__Information given__:
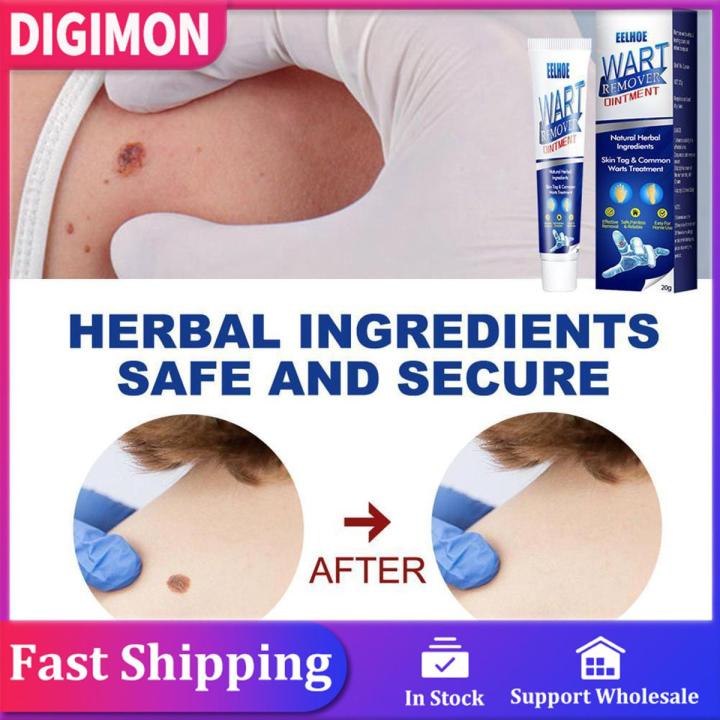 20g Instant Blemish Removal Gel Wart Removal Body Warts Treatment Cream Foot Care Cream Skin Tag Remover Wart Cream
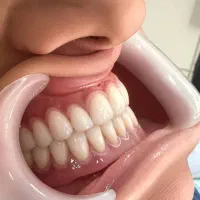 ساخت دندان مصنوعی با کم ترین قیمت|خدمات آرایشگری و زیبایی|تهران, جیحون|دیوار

---

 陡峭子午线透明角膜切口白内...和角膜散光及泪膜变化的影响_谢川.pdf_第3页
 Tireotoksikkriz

__Problem statement__:
Retype the lines above exactly as they appear, from the line containing "20g Instant Blemish" through the line containing "ساخت دندان مصنوعی", and leave out any pictures.

__Result below__:
 20g Instant Blemish Removal Gel Wart Removal Body Warts Treatment Cream Foot Care Cream Skin Tag Remover Wart Cream
 ساخت دندان مصنوعی با کم ترین قیمت|خدمات آرایشگری و زیبایی|تهران, جیحون|دیوار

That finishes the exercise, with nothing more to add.